# What is expected:
Leave the pictures out. Retype exactly the lines below from the one containing "A stretch of" through the one containing "Chandelier crystal earrings", and no others.

Records for the exercise Start Marker

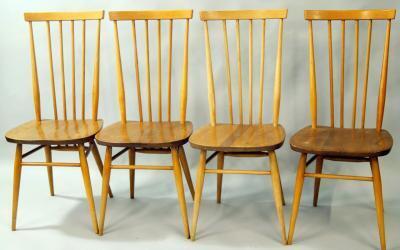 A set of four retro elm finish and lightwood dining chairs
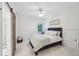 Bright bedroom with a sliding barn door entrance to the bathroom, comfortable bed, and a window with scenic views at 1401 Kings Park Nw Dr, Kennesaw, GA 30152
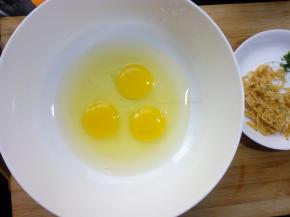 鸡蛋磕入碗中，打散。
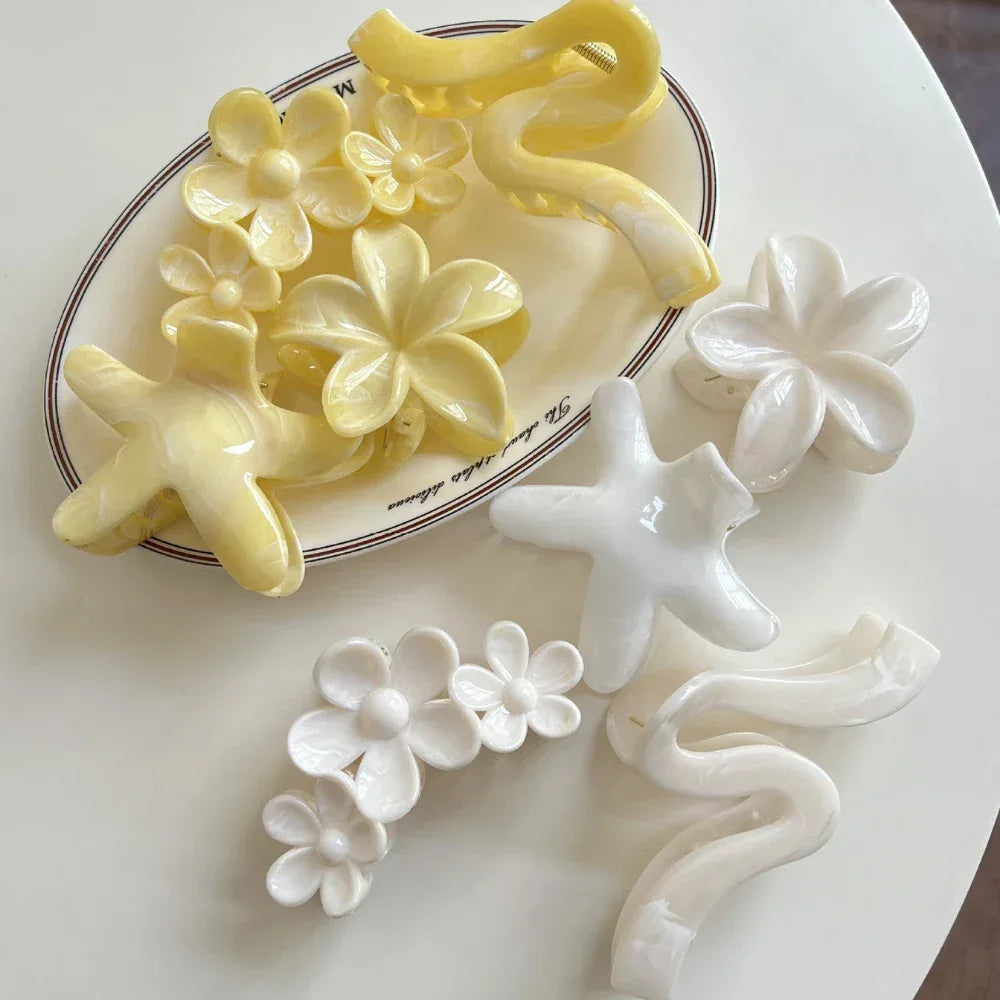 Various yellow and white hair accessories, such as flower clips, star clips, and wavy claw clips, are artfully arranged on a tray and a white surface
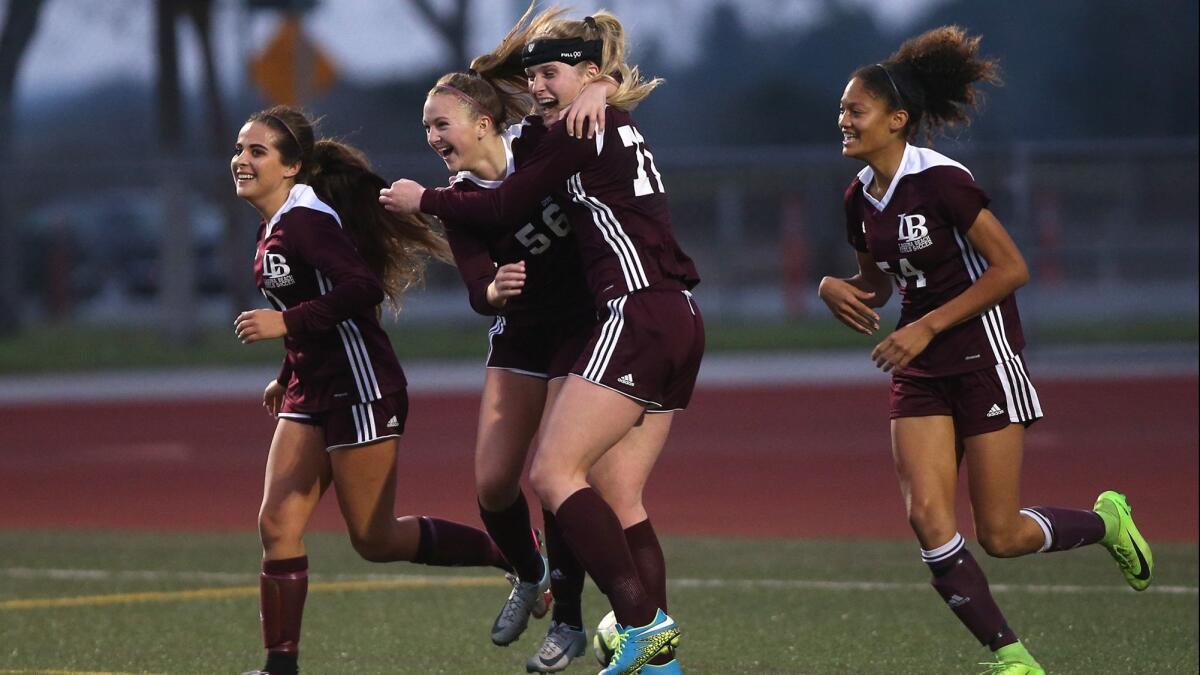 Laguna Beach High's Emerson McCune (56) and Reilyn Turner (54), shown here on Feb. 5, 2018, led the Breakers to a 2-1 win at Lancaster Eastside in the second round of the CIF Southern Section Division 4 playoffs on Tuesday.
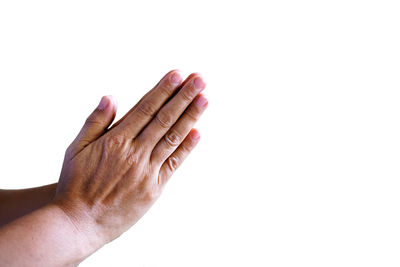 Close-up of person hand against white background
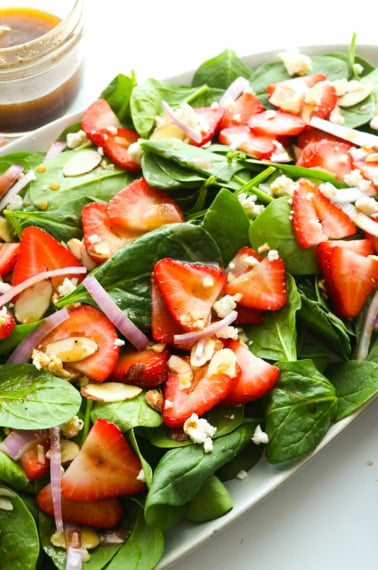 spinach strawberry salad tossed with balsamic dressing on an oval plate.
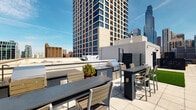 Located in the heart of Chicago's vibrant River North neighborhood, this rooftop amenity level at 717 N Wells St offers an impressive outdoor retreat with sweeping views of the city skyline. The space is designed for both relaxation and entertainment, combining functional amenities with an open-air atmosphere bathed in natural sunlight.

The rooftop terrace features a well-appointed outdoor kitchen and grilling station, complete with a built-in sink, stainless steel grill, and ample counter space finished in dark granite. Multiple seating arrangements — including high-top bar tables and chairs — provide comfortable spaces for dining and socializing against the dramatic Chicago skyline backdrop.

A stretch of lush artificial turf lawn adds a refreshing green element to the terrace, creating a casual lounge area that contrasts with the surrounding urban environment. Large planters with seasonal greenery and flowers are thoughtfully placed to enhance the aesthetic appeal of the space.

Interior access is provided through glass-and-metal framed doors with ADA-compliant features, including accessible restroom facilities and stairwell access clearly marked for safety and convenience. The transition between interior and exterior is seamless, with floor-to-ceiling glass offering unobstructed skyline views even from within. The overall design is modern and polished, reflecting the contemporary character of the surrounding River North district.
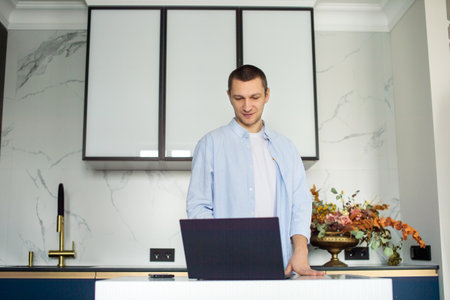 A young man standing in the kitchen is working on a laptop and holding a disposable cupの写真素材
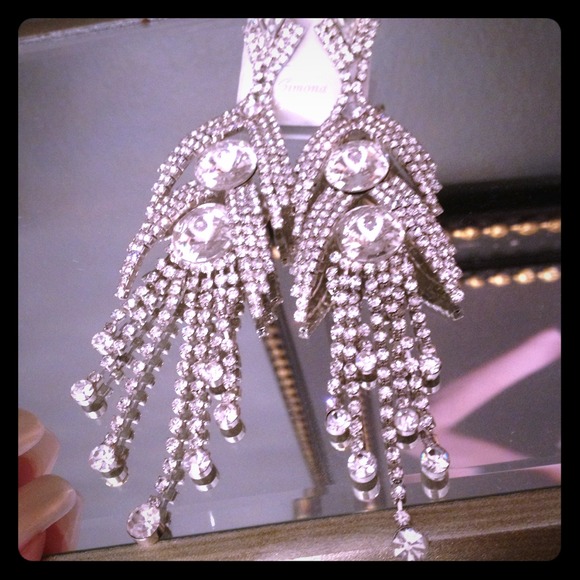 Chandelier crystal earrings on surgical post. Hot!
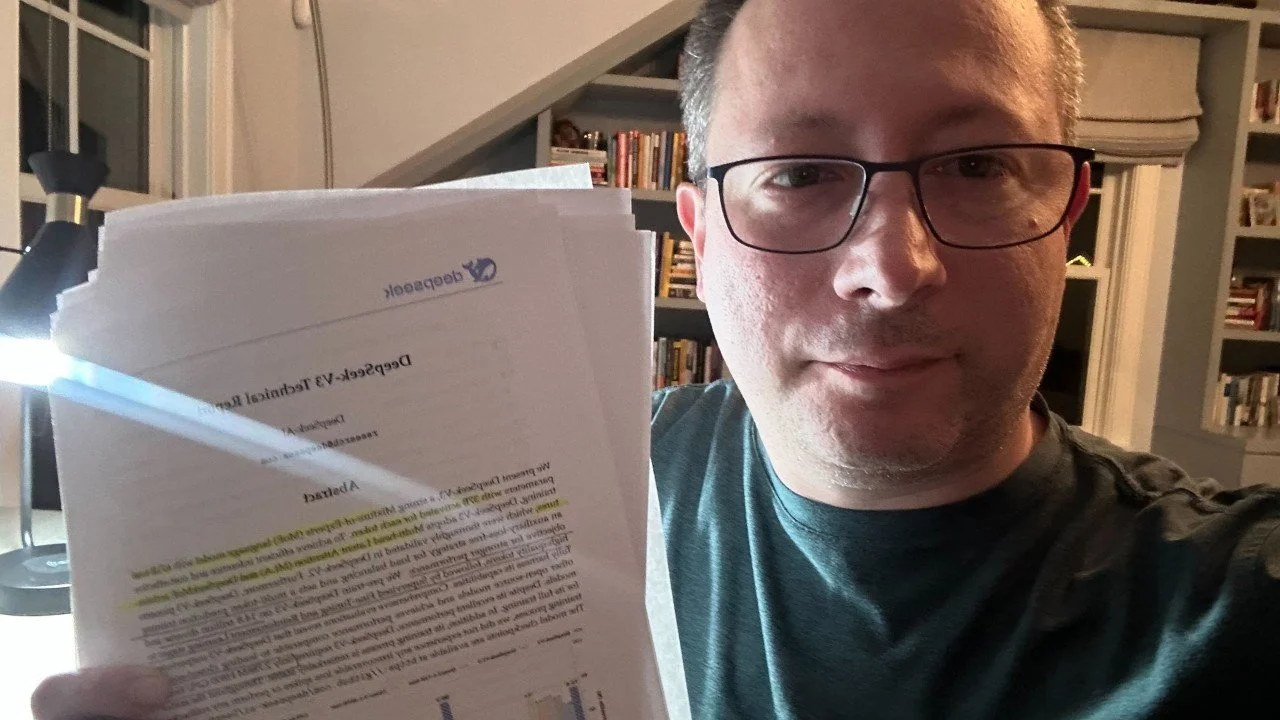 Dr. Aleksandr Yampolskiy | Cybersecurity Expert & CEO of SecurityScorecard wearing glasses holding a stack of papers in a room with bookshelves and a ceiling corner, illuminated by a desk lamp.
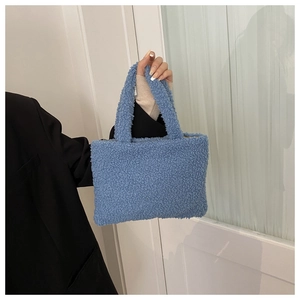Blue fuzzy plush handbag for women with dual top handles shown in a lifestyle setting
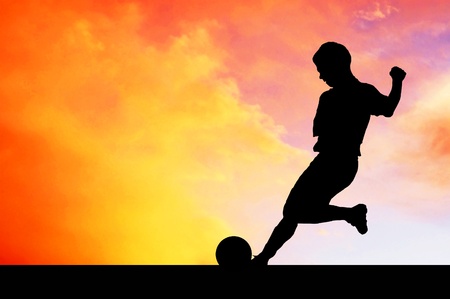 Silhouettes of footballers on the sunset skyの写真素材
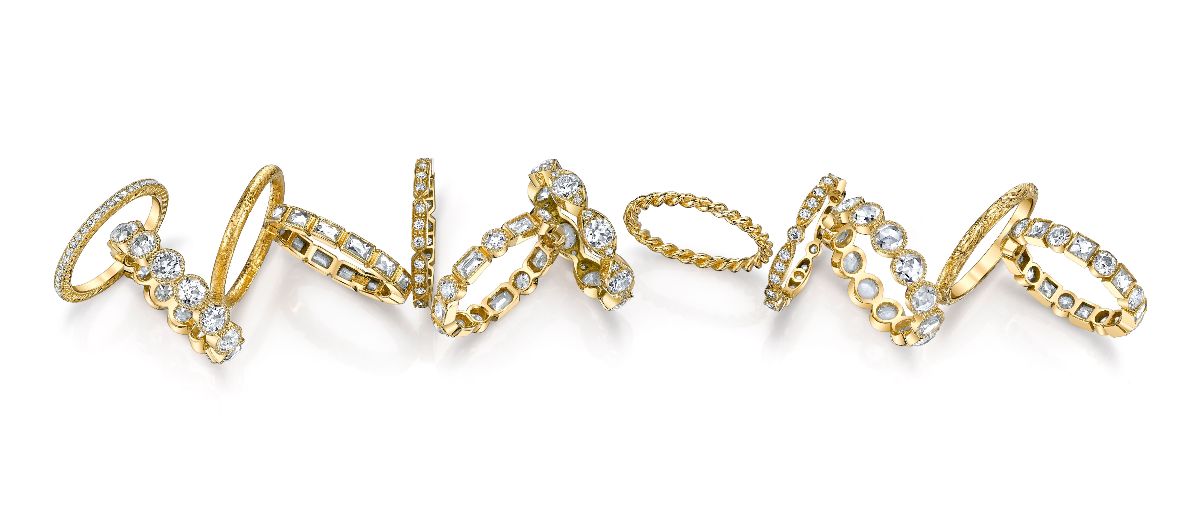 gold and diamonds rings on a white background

Records for the exercise End Marker

# Result below:
A stretch of lush artificial turf lawn adds a refreshing green element to the terrace, creating a casual lounge area that contrasts with the surrounding urban environment. Large planters with seasonal greenery and flowers are thoughtfully placed to enhance the aesthetic appeal of the space.

Interior access is provided through glass-and-metal framed doors with ADA-compliant features, including accessible restroom facilities and stairwell access clearly marked for safety and convenience. The transition between interior and exterior is seamless, with floor-to-ceiling glass offering unobstructed skyline views even from within. The overall design is modern and polished, reflecting the contemporary character of the surrounding River North district.
 A young man standing in the kitchen is working on a laptop and holding a disposable cupの写真素材
 Chandelier crystal earrings on surgical post. Hot!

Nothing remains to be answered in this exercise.